2020's full Edinburgh Fringe programme revealed
Arthur Smith is not going to let a little thing like a global pandemic stop his annual trip to the Edinburgh Fringe… even if the festival itself has been cancelled.
The veteran comedian has attended 42 Fringes – and his late-night tours of the Royal Mile have become a thing of festival legend since he started them in 1977.
Today he announced that the walks will still go ahead next month, branding them ‘probably the only show on the Fringe’. Normally there are about 4,000.
Described, tongue-in-cheek, as ‘a piece of radical, site–specific, outdoor promenade performance art’, the tour tells the story of Edinburgh and its festivals without being too constrained by the facts.

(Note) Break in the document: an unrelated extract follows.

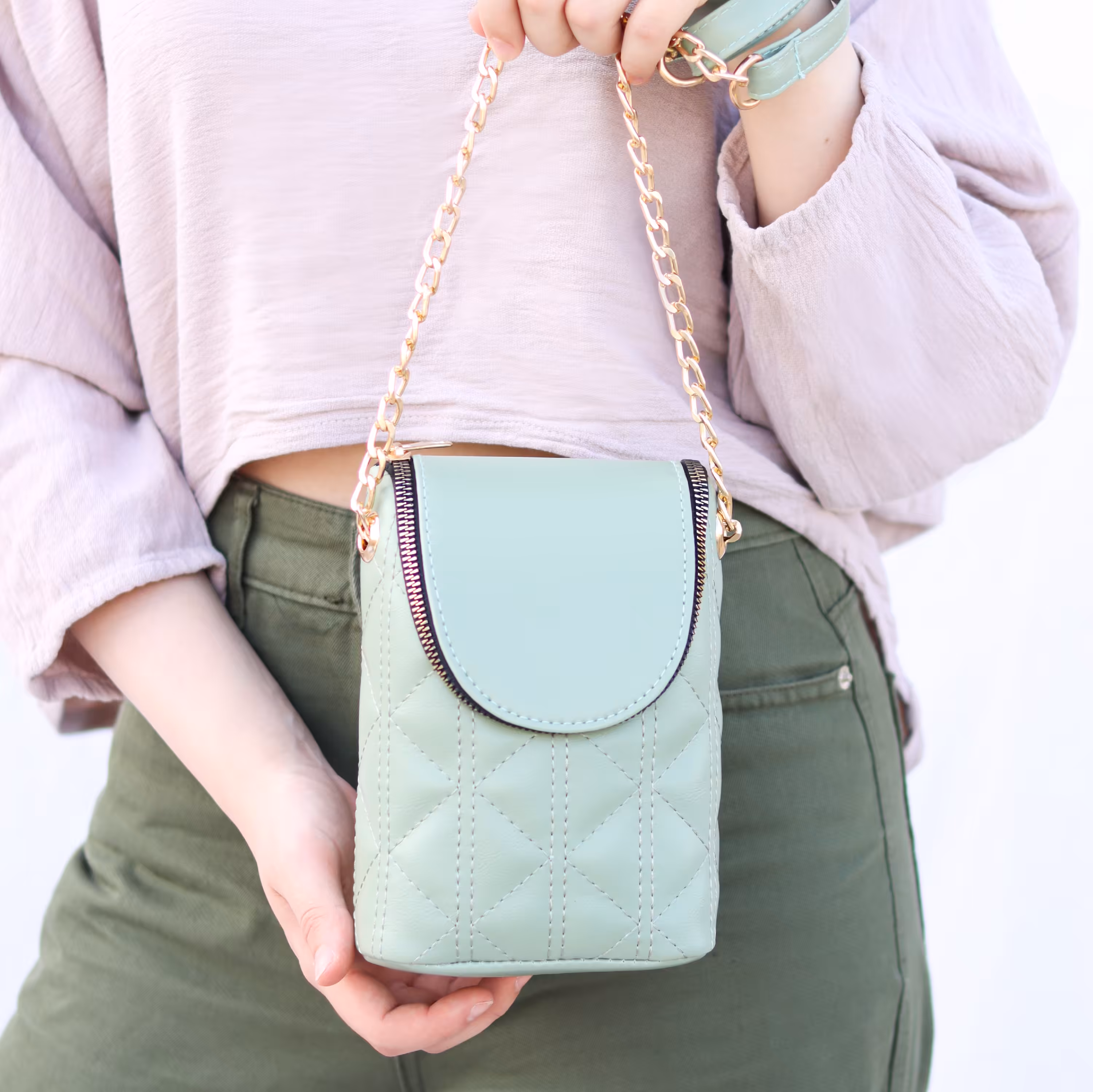 کیف زنانه  با استایل روزمرهو کژوال
جنس چرم مصنوعی
طرح ترکیب ساده و دوختدار
جنس آستر  پارچه
مدل و تعداد جیب  یک خان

One change, apart from the audience being encouraged to wear ‘suitably eccentric’ protective equipment, is that the walks will take place in the daytime, and be family friendly. Although there will be a traditional midnight over-18s show on Saturday August 15 that’s likely to be more rambunctious.

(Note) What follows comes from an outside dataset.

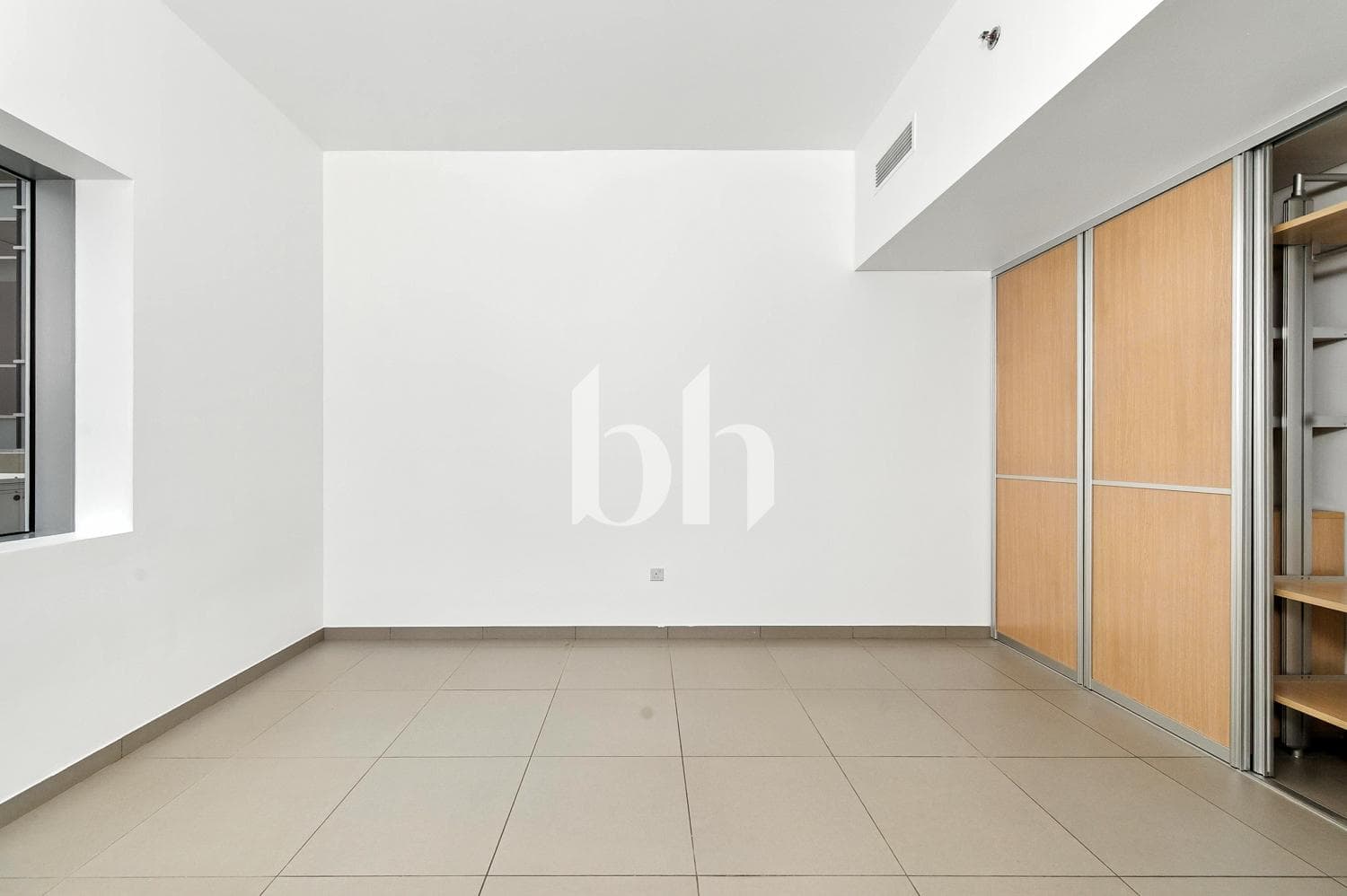 Studio Apartment in Ariyana Tower - photo 2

Although traditionally starting at the gates of Edinburgh Castle, this year’s tour will begin in the Pleasance Courtyard at 2pm and 6pm every day from August 8 to 15
Previous tours have included surprise celebrity guests including Steve Coogan, Lucy Porter, Mike McShane, Shappi Khorsandi and Jonathan Ross - plus the occasional glimpse of nudity.
In 2000 Smith and Simon Munnery were arrested on public order offences during the tour after residents called the police at 3.30am. Smith was using a megaphone to lecture a crowd of 200, including Munnery who was playing the part of a German tourist called Heinrich.
Tickets are available from The Pleasance, priced £10, thus enabling the behemoth venue to claim it has never missed a Fringe since it first opened in 1985.